[[ Information shown open ]]

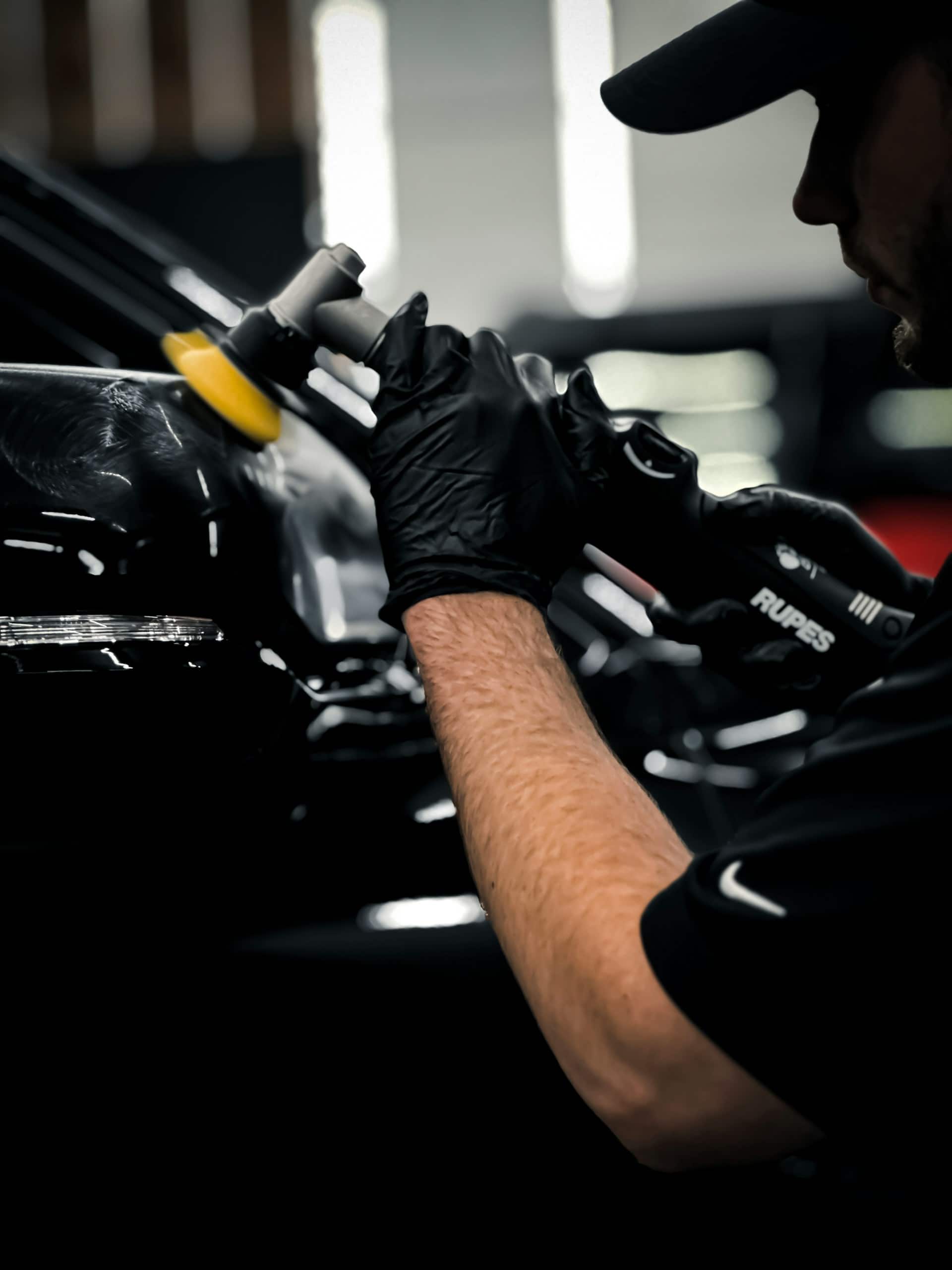 Polishing car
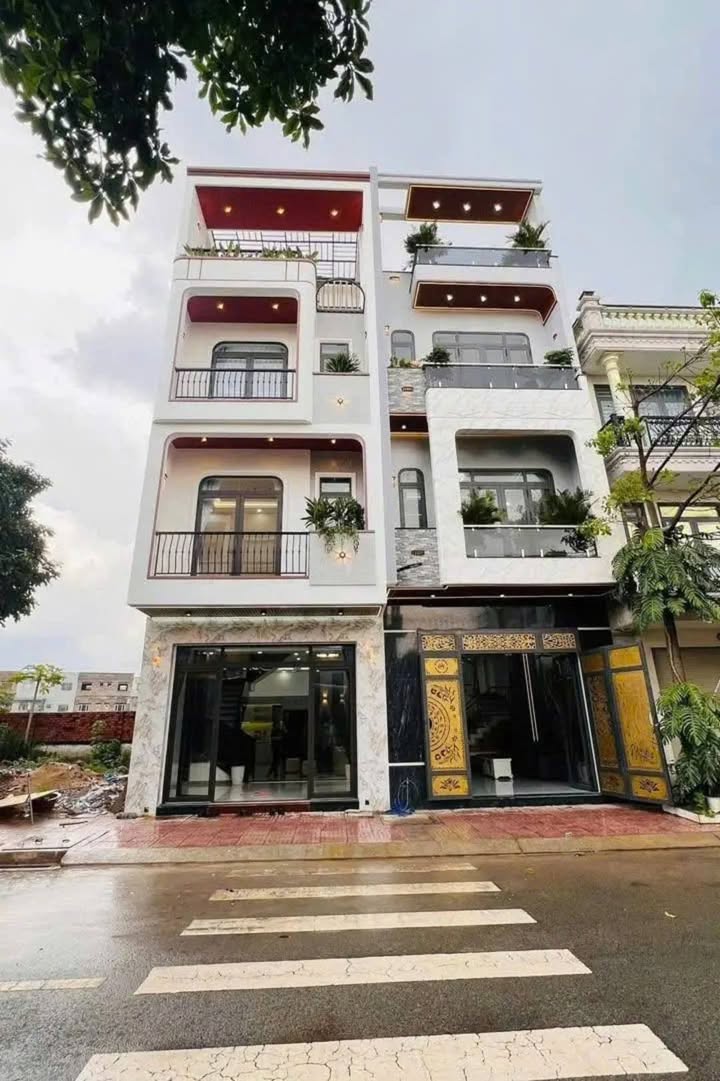 Nhà 3 lầu KDC Phúc Đạt Dĩ An 60m² giá 4.899 tỷ - Hướng Tây, sẵn sàng vào ở!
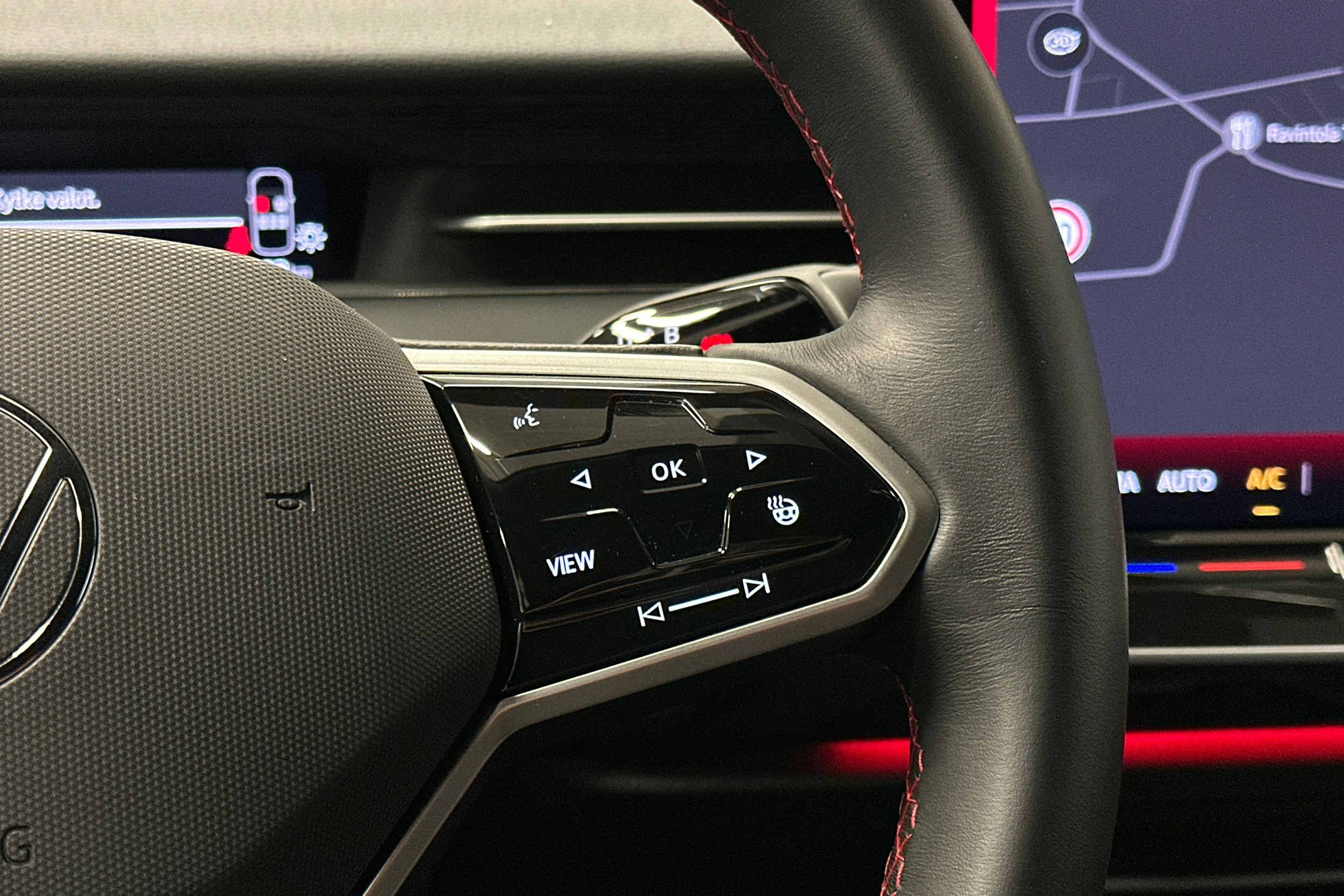 punainen Volkswagen ID.7 2025 kuva 20.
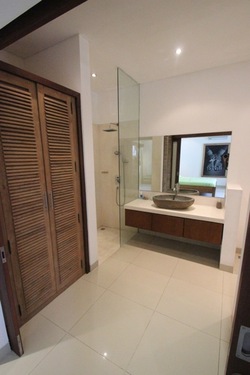  VILLA KUNTI 2 SEMINYAK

[[ Information shown closed ]]

▶ Work instruction:
The answer is the full listing above, reproduced character for character, minus its images.

▶ Your response:
 Polishing car
 Nhà 3 lầu KDC Phúc Đạt Dĩ An 60m² giá 4.899 tỷ - Hướng Tây, sẵn sàng vào ở!
 punainen Volkswagen ID.7 2025 kuva 20.
  VILLA KUNTI 2 SEMINYAK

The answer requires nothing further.